** Material shown follows **
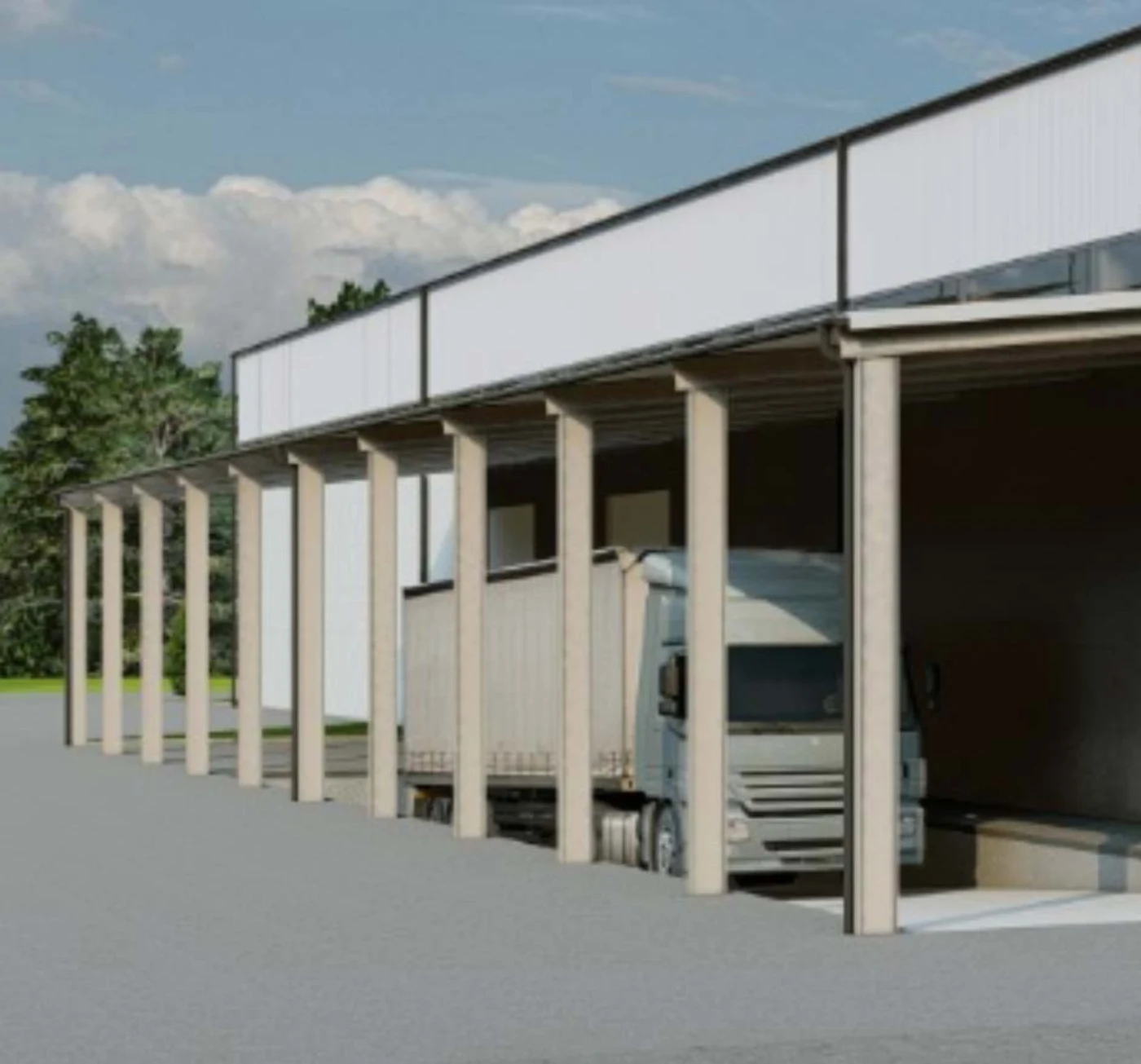 Loading bay visualisation with truck access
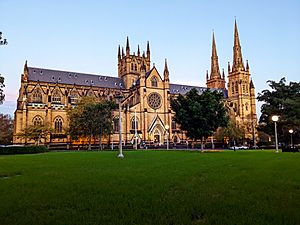St Mary's Cathedral as viewed from Hyde Park, Sydney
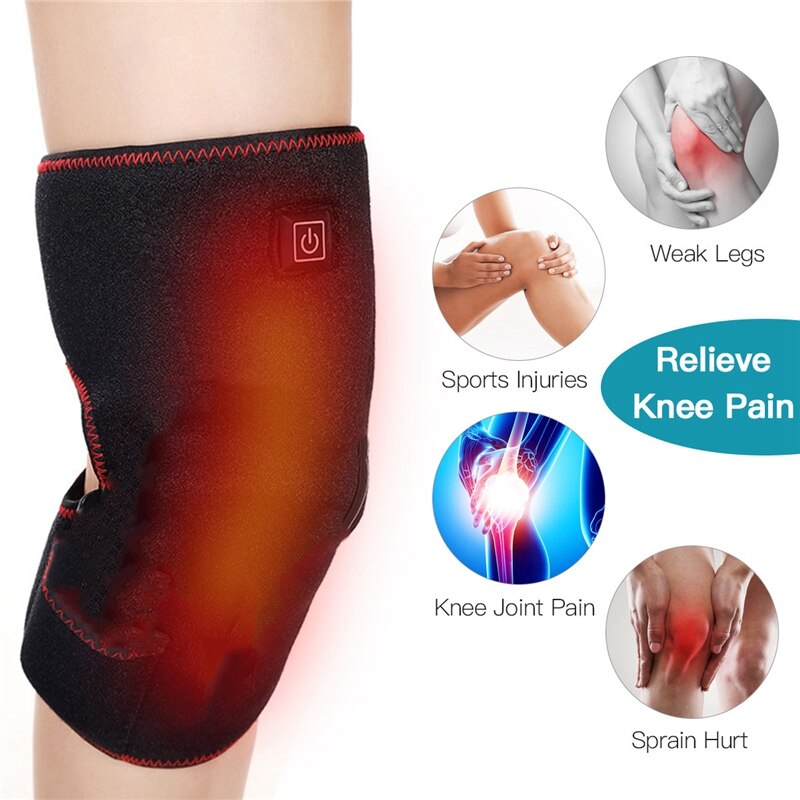 USB Erhitzt Warme Knie Pad Klammer wickeln Schmerzen Linderung Wiederaufladbare Knie Heizung Unterstützung Klammer Elektrische Massagegerät Einstellbare Temperatur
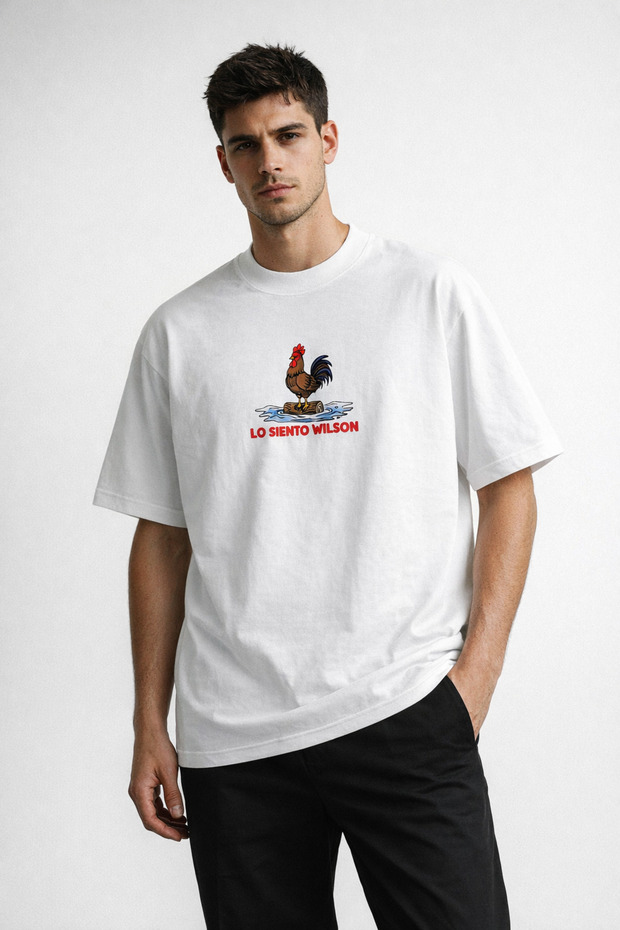 Unisex Women's Men's Lo Si̇ento Chicken Sea Front Printed Oversized Thick Fabric Relaxed Fit Cotton T-Shirt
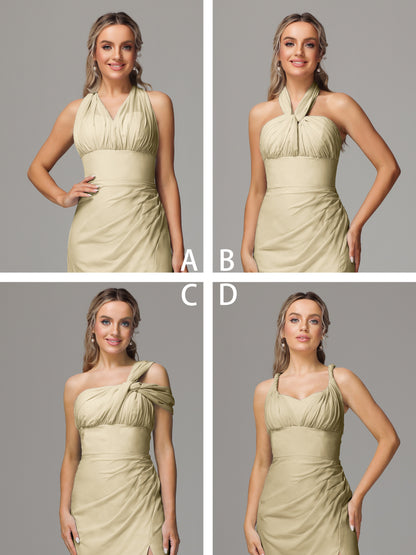 Sleeveless Off The Shoulder Chiffon Bridesmaid Dress With Slit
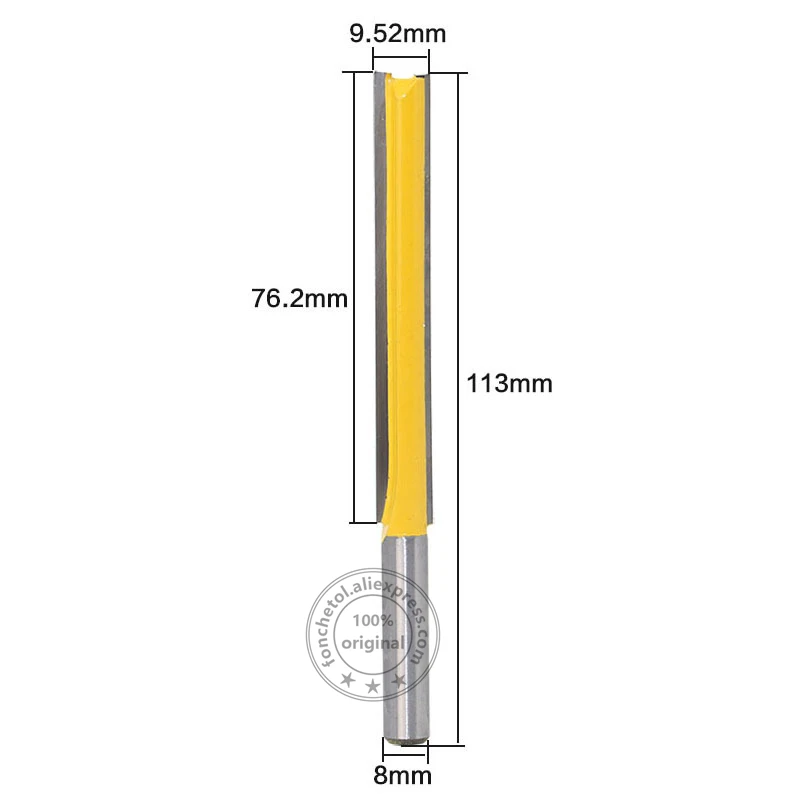 8 мм shank-1PCS, твердосплавный фрезерный станок с ЧПУ, деревообрабатывающий фрезерный станок, Гравировальный инструмент по дереву, 2 флейты прямой бит, Обрезной нож - Длина режущей кромки: 8mm x 9.52mm x76.2mm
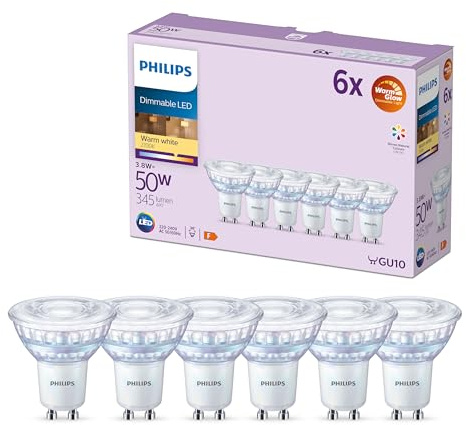 Philips LED GU10 Ljuskälla, 6-pack, Spotlight, 345 lm, 2 200–2 700 K, WarmGlow, Dimbar, Lång Livslängd, Smal Spridning, Enhetlig Ljusfördelning, Bättre Visuell Komfort, Smarta Hem, Ljuskälla av Glas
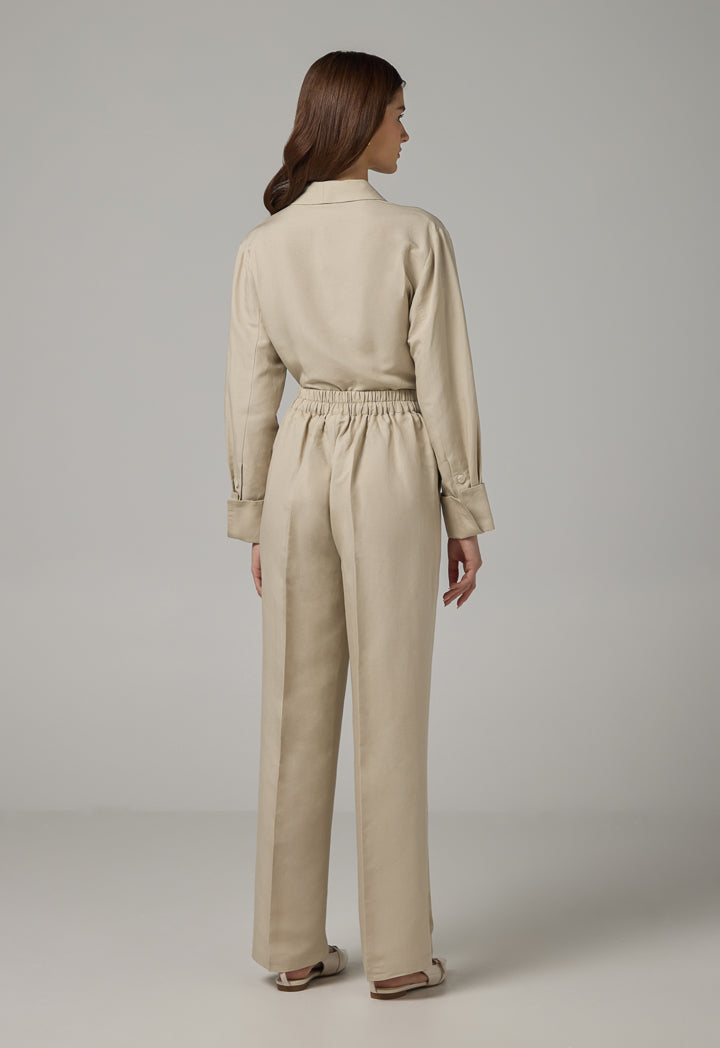 Choice Wide Leg Basic Trousers Beige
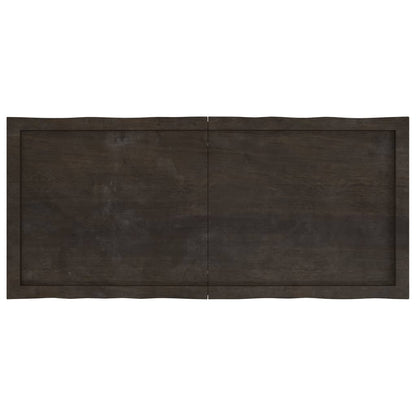 Table Top Dark Brown 120x50x(2-4) cm Treated Solid Wood Live Edge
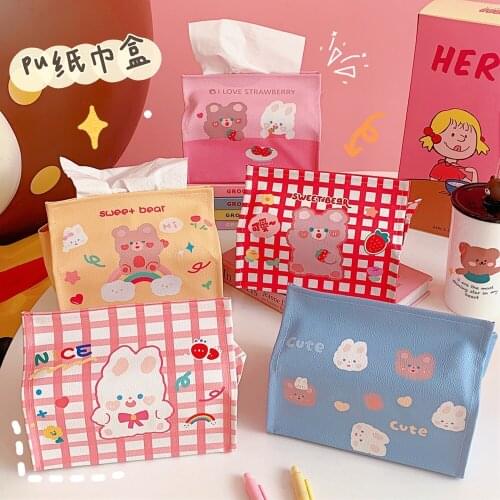 Cute Bear Tissue Box Home PU Desktop Tissue Storage Student Dormitory Pumping Box Girls Makeup Bag Rabbit Home Storage Holder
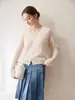 Cardigan Hueco de Cuello en V 75% Cachemir 25% Seda de Morera para Mujer Botones con Perlas Suelto Tejido Fino Cardigan Suéter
** End of Material shown **
▸ **How to complete this task**: Output only the lines above from the one containing "8 мм shank-1PCS, твердосплавный" to the one containing "Table Top Dark", both included, exactly as written and with no pictures.

▸ **Response for this exercise**:
 8 мм shank-1PCS, твердосплавный фрезерный станок с ЧПУ, деревообрабатывающий фрезерный станок, Гравировальный инструмент по дереву, 2 флейты прямой бит, Обрезной нож - Длина режущей кромки: 8mm x 9.52mm x76.2mm
 Philips LED GU10 Ljuskälla, 6-pack, Spotlight, 345 lm, 2 200–2 700 K, WarmGlow, Dimbar, Lång Livslängd, Smal Spridning, Enhetlig Ljusfördelning, Bättre Visuell Komfort, Smarta Hem, Ljuskälla av Glas
 Choice Wide Leg Basic Trousers Beige
 Table Top Dark Brown 120x50x(2-4) cm Treated Solid Wood Live Edge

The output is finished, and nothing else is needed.